I’m probably going to get some things wrong here – that’s why this is “learning out loud” and not “authoritative knowledge on a topic” – you’re in my digital garden and you’re henceforth subject to my work in progress.

Here’s my question of the day:

What would an “Obsidian” for Ontologies look like?

If you don’t know, Obsidian is a personal knowledge management program built for note-taking in Markdown. It’s not open source, but it is free for personal use, and it’s quite popular in my corner of the internet. (Let’s be real, if you’re still here and paying attention – it’s our corner of the internet. You know what Obsidian is)

I loved Obsidian for bidirectional linking – it made a lot of sense to me to connect topics between my notes, and to surf them as I liked, to visualize my connections.

Markdown is easy to write in, and it was a breath of fresh air to see that my notes were plain-text files living locally on my device. It was an easy program to learn and start using, and to apply to my life.

That’s not a thing for ontologies. I’ve tried to find a program that I can pick up quickly, tinker with, and explore ideas in. Protégé was the obvious first choice to try – and it was fine. I followed Ontology Development 101: A Guide to Creating Your First Ontology, which is a great introduction to this topic from an academic perspective.

It isn’t quite what I’m looking for, though. It is obviously a straightforward and useful tool - one that I am sure I will turn to when I have a proper use case.
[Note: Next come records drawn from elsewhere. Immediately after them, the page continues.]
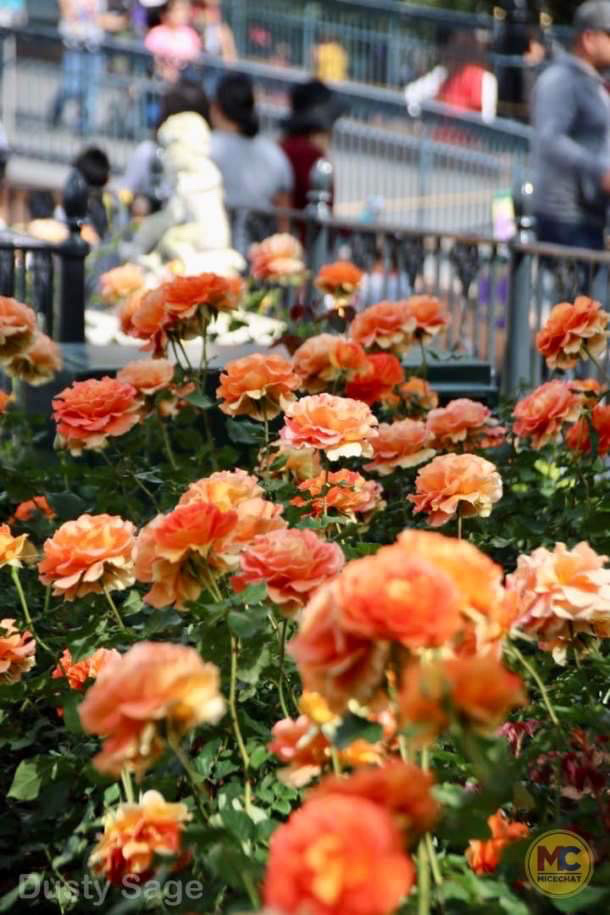 Disneyland Rose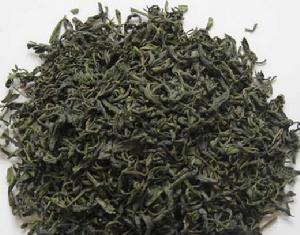 九日山石亭茶 九日山石亭茶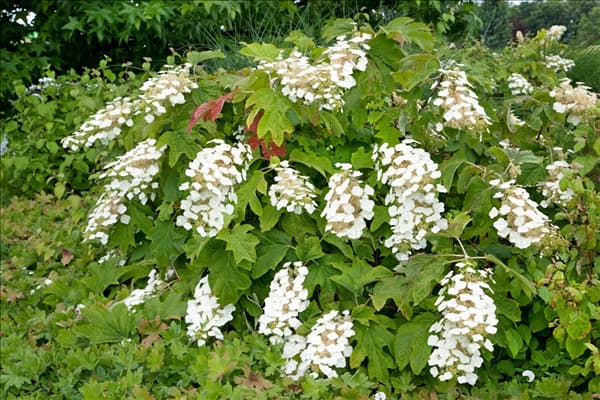 Hydrangea quercifolia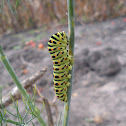 Old World/Common Yellow/European Swallowtail (caterpillar)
But it’s not helping me learn in the experimental and experiential methods I’m used to, and it doesn’t fit in my stack of PKM tools.
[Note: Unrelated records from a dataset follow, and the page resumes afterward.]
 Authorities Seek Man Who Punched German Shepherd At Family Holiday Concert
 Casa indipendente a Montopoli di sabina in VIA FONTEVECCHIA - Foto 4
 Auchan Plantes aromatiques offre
I found Onto4All in my search as well, and that was a nice experience – the draw.io of ontologies. But still not what I’m thinking of.

I might be dreaming too big when I think about whether it’s possible to lower the barrier of entry into this kind of technology. It’s hard. It’s complex. Where are they even teaching this stuff? Who are you wizards that understand? What are your backgrounds like?

Are any of you not specialists?

I can wrap my head around ontologies for heavy enterprise purposes, scientific research, semantic networks, AI systems. I can’t wrap my head around ontologies for Me and my knowledge work. In my current note-taking systems, I can create links for my associations between subjects, but it isn’t a structured representation of my knowledge and domain. I think it would be very useful if I could begin learning and using ontologies at my level, and not have to animorph into a statistician, philosopher, and PhD candidate to get started.

A follow up question:

Is it possible to create a tool that introduces ontological thinking in a way that feels as natural as note-taking?